**To do:** Would you retype, word for word, the line with "Red Line Creation" and each line after it to the end of the entries below, leaving the pictures out?

**Data extracts:**
============

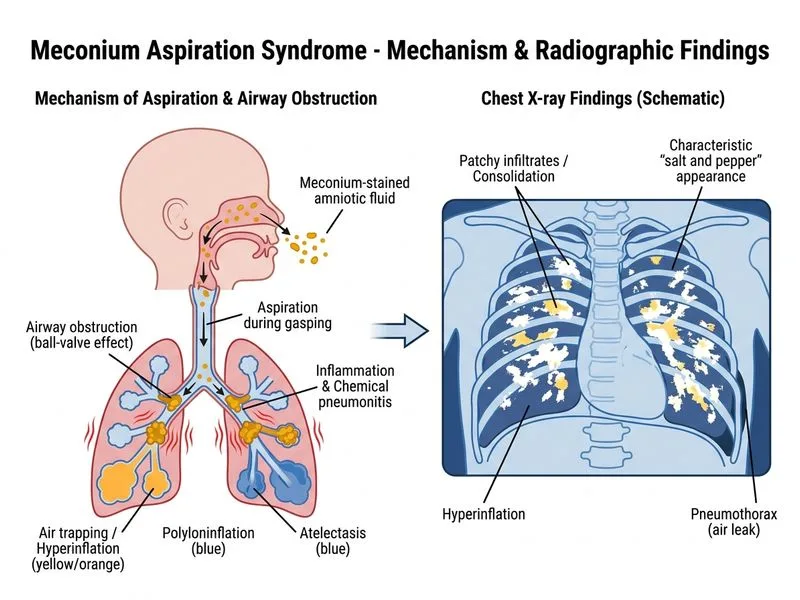Meconium Aspiration Syndrome diagram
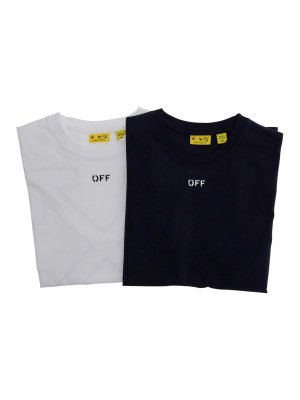 OFF-WHITE: t-shirts - Off Stamp 2-Pack Tee S/S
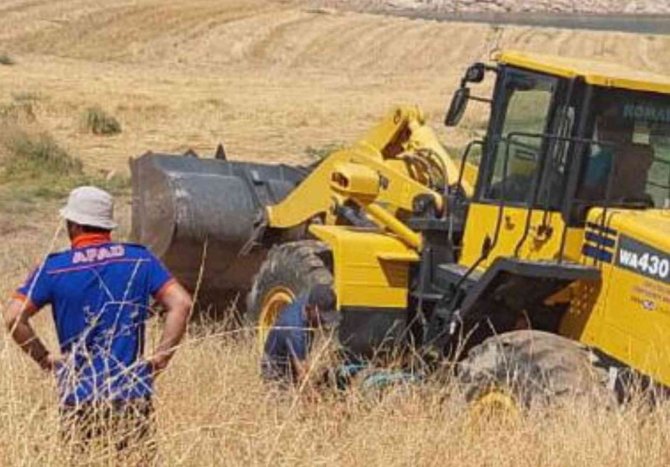 Obruğa Düşen İnek Afad Ekipleri Tarafından Kurtarıldı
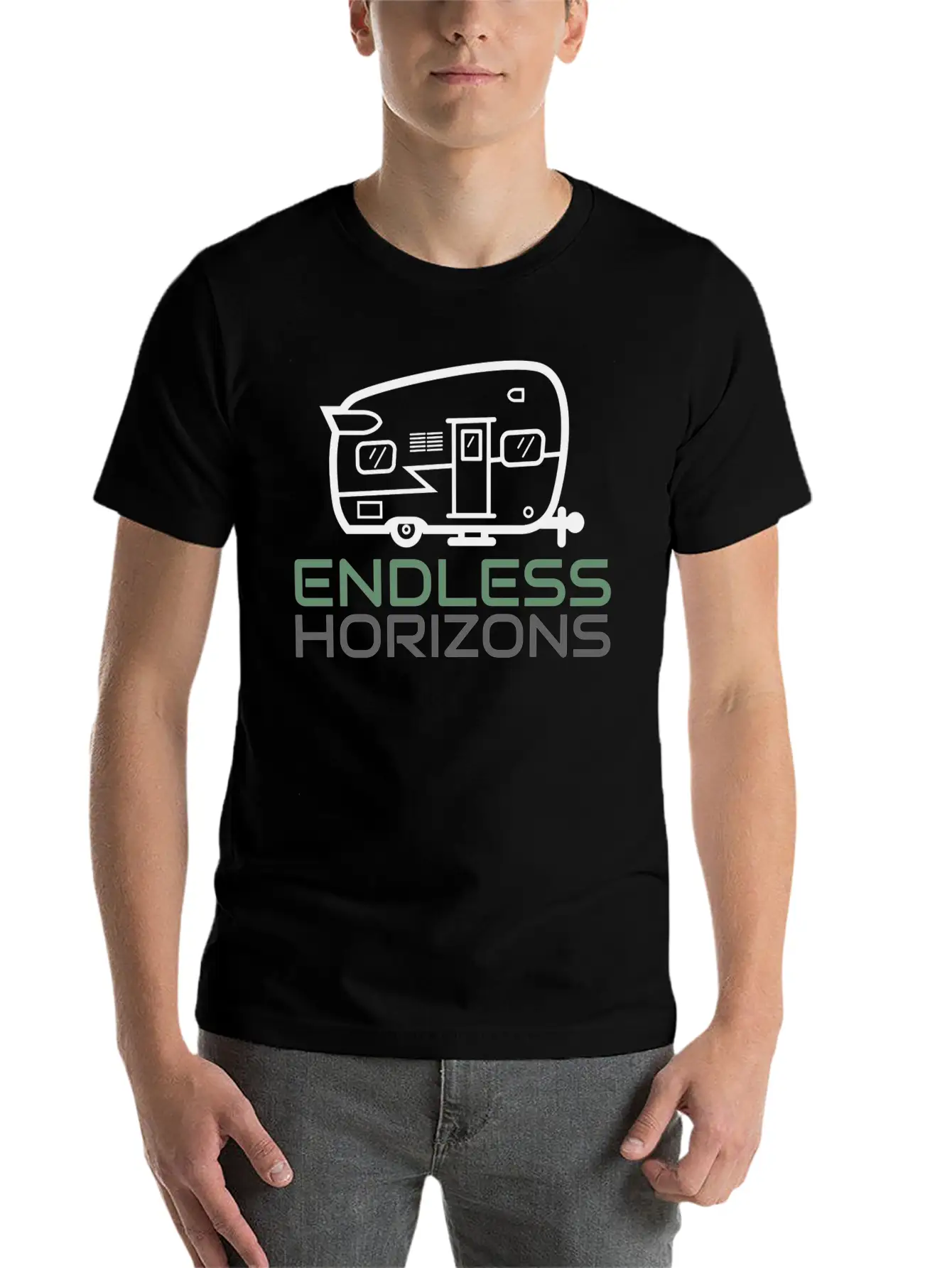 Endless Horizons Camping Basic Graphic T-Shirt ¨C Daily Comfort In Soft Cotton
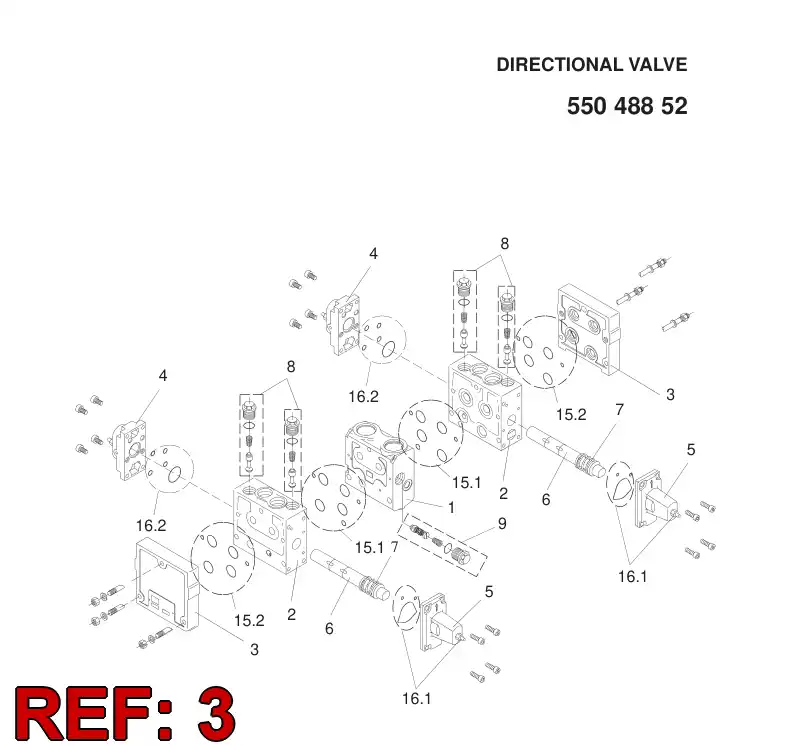 55056887 550 568 87 Cover, End - Sandvik Technical Drawing
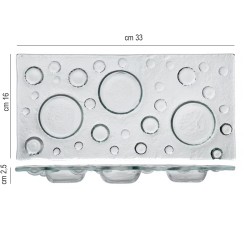 Antipastiera in vetro bubble   in Porcellane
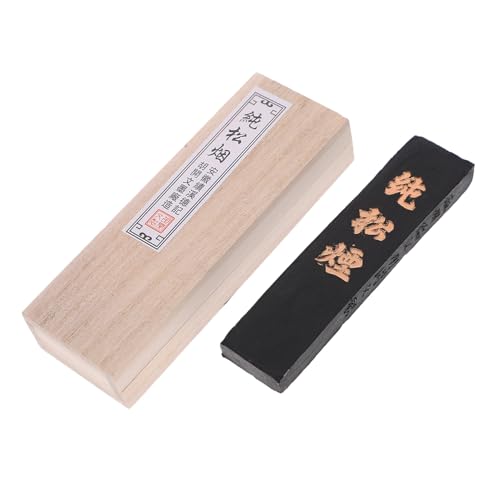 SOIMISS Chinesischer Kalligraphie Tintenblock Schwarz Ink Stick für Malerei Praxis Glatte Kanten Leicht Tragbar Traditionelles Tusche Werkzeug für Kalligraphie und Zeichnen von SOIMISS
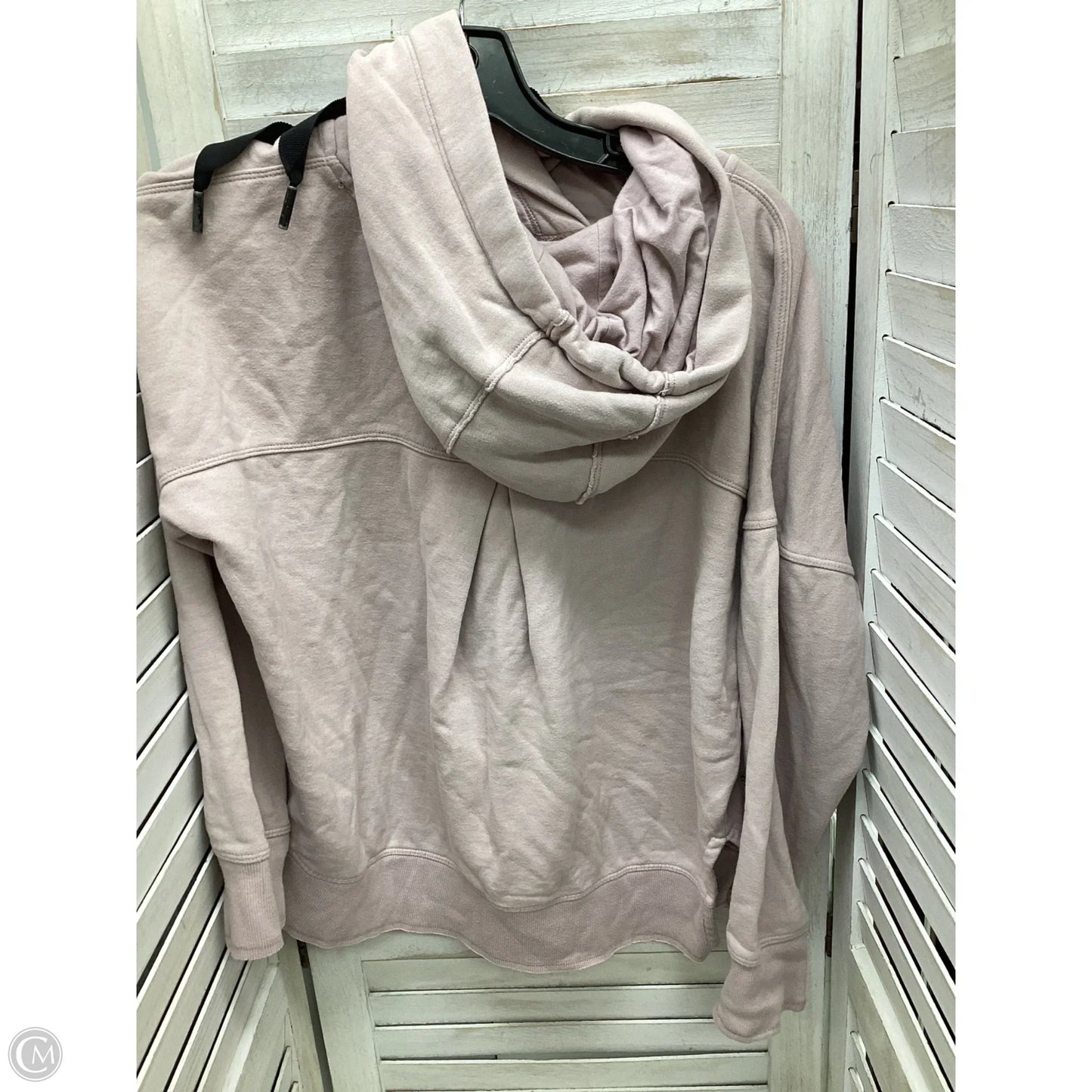 Sweatshirt Hoodie By Calvin Klein In Pink, Size: S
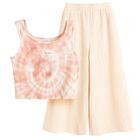 Cool Club, Set pentru fete, Top, din tricot striat, Pantaloni din textil, mix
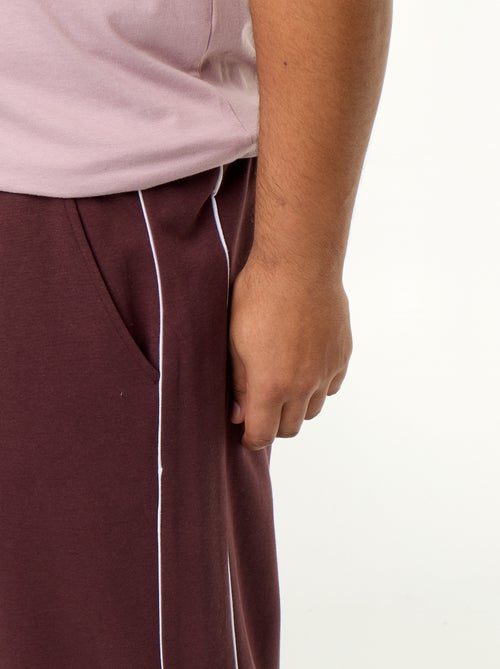 Pantalon de jogging avec liserés contrastés - Kiabi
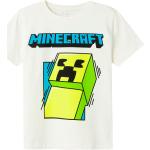 Hvide Minecraft NAME IT Danske brands Økologiske T-shirts i Bomuld Størrelse 164 til Drenge fra Kids-world.dk Bæredygtige 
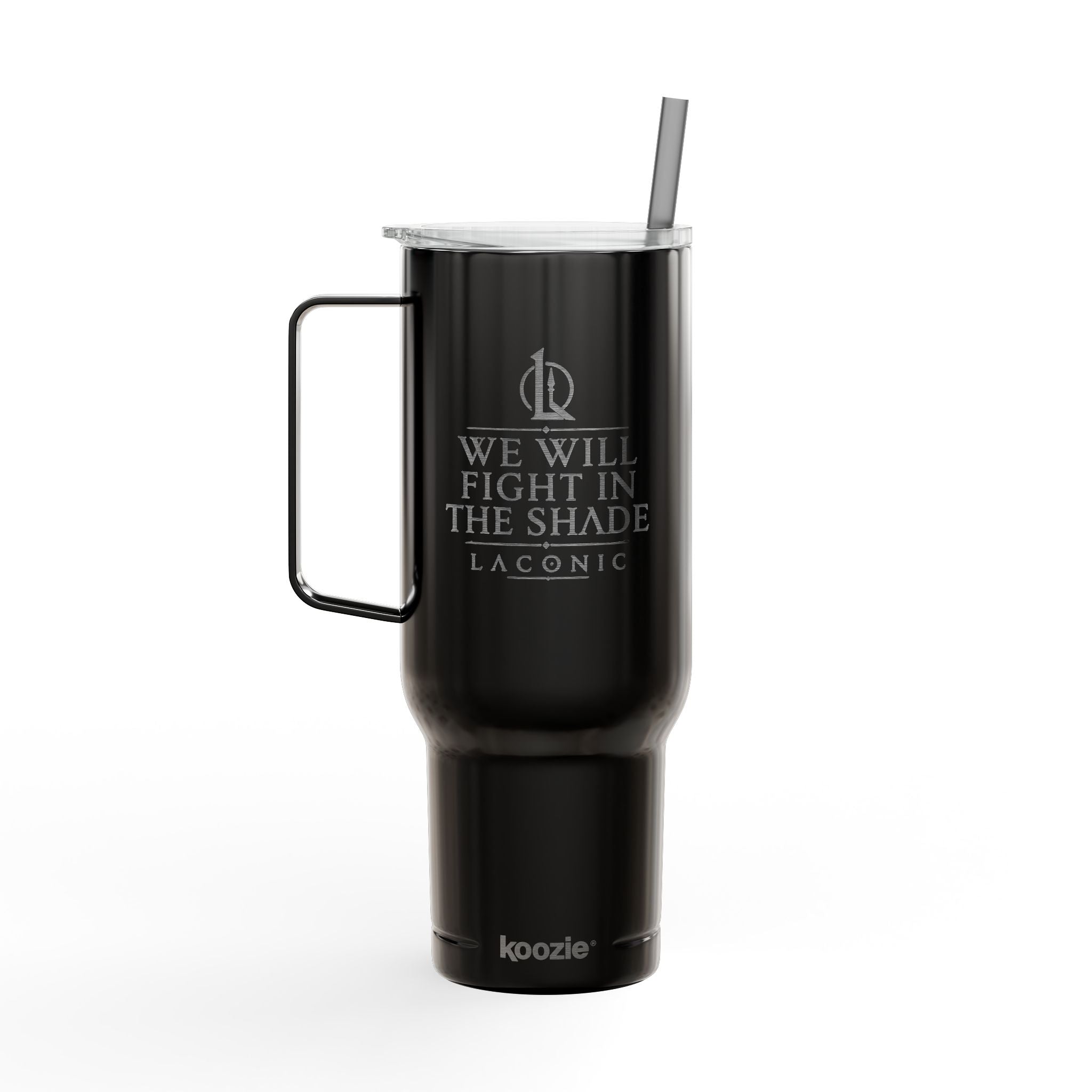 40oz Engraved Insulated Tumbler – “We Will Fight in the Shade” Travel Mug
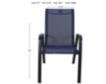 Red Line Creation Navy Stackable Sling Chair small image number 3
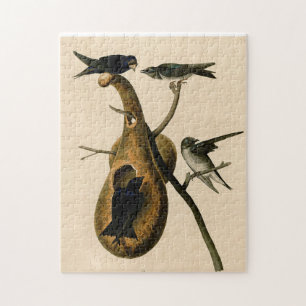 Quebra-cabeça Presente de pintura de pássaros Martin Bird, em V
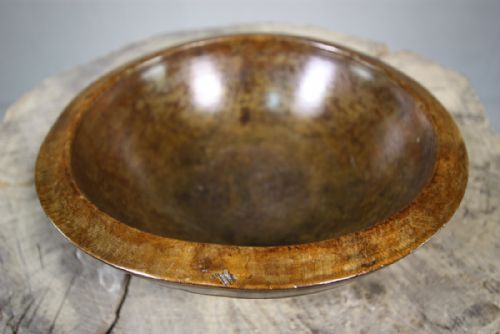 English Antique Sycamore Bowl.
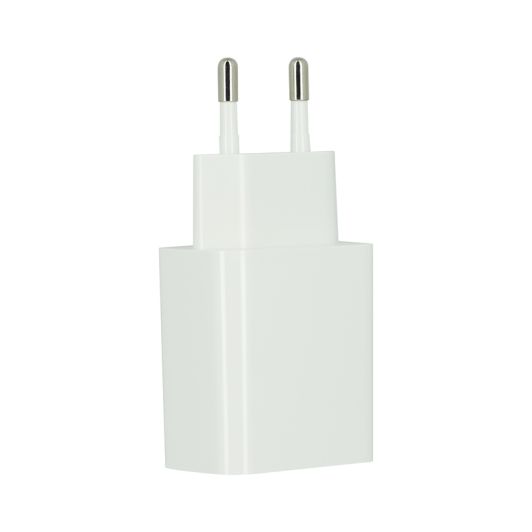 NETSTROOMLADER 2,4A   WITTE LIGHTNING-KABEL 1M HIGH ONE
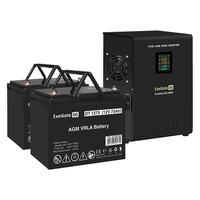 UPS set ExeGate FineSine SX-2000.LCD.AVR.2SH + battery DT 1275 (12V, 75Ah), 2 pcsece UPS set ExeGate FineSine SX-2000.LCD.AVR.2SH + battery DT 1275 (12V, 75Ah), 2 pcsece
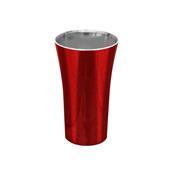 Copo Space Metalizado Vermelho Personalizado - FB - Copo Space 400 ml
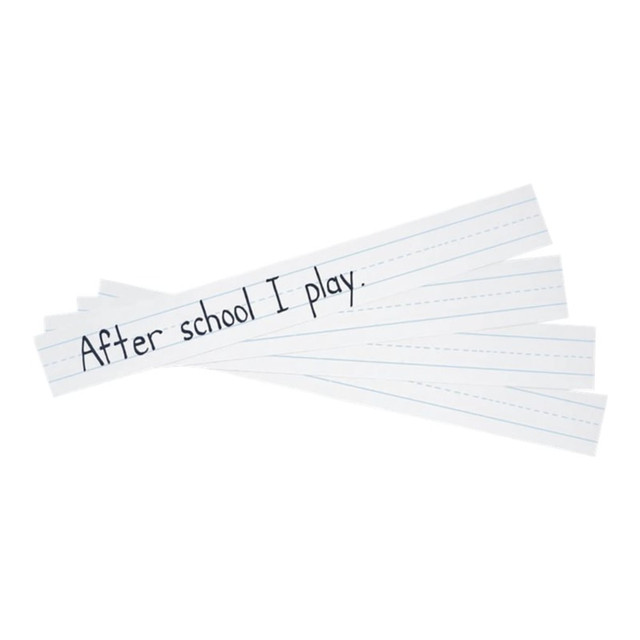 PACON CORPORATION 5166 Pacon Sentence Strips, 3in x 24in, White Tagboard, Pack Of 100 PACON CORPORATION 5166 Pacon Sentence Strips, 3in x 24in, White Tagboard, Pack Of 100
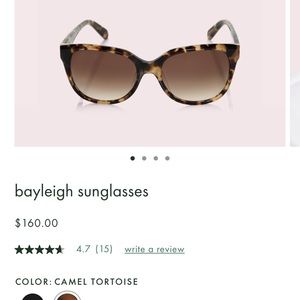 BRAND: Kate Spade Bayleigh Sunglasses
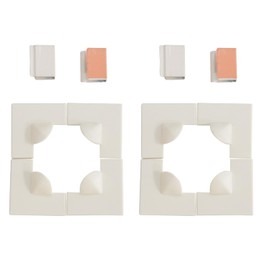 Neatiease Magnetic Window Screen Accessories，8 Window Screen Corners, 4 Window Clip(Two Sets)
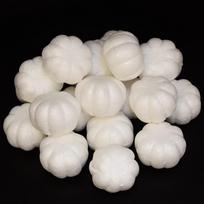 20 Pieces Modelling Foam Pumpkin Ornaments Craft 28x40mm white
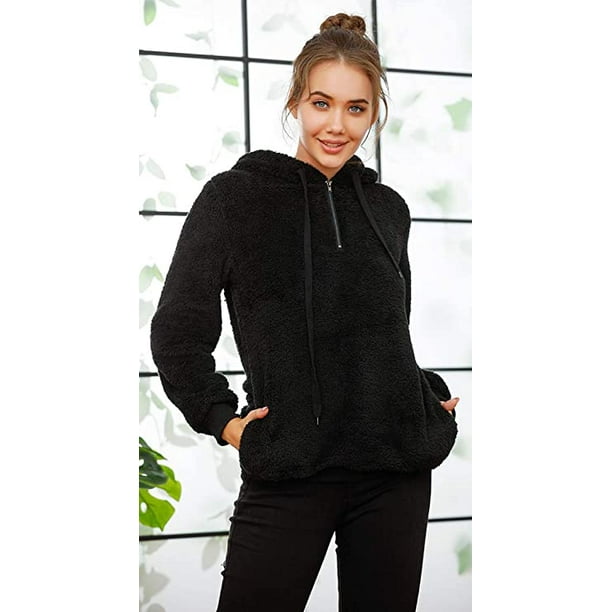 Sherpa pullover shop walmart womens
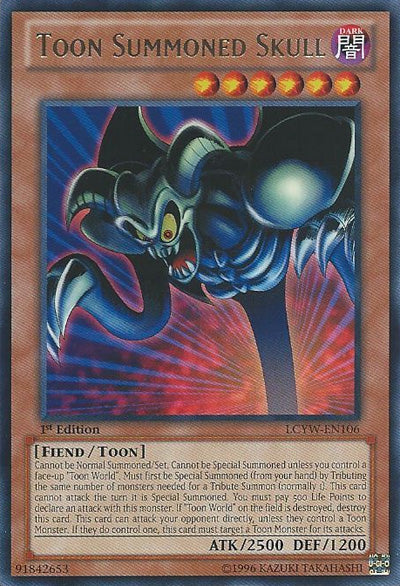 Toon Summoned Skull [LCYW-EN106] Rare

============

**Response area:**
 Red Line Creation Navy Stackable Sling Chair small image number 3
 Quebra-cabeça Presente de pintura de pássaros Martin Bird, em V
 English Antique Sycamore Bowl.
 NETSTROOMLADER 2,4A   WITTE LIGHTNING-KABEL 1M HIGH ONE
 UPS set ExeGate FineSine SX-2000.LCD.AVR.2SH + battery DT 1275 (12V, 75Ah), 2 pcsece UPS set ExeGate FineSine SX-2000.LCD.AVR.2SH + battery DT 1275 (12V, 75Ah), 2 pcsece
 Copo Space Metalizado Vermelho Personalizado - FB - Copo Space 400 ml
 PACON CORPORATION 5166 Pacon Sentence Strips, 3in x 24in, White Tagboard, Pack Of 100 PACON CORPORATION 5166 Pacon Sentence Strips, 3in x 24in, White Tagboard, Pack Of 100
 BRAND: Kate Spade Bayleigh Sunglasses
 Neatiease Magnetic Window Screen Accessories，8 Window Screen Corners, 4 Window Clip(Two Sets)
 20 Pieces Modelling Foam Pumpkin Ornaments Craft 28x40mm white
 Sherpa pullover shop walmart womens
 Toon Summoned Skull [LCYW-EN106] Rare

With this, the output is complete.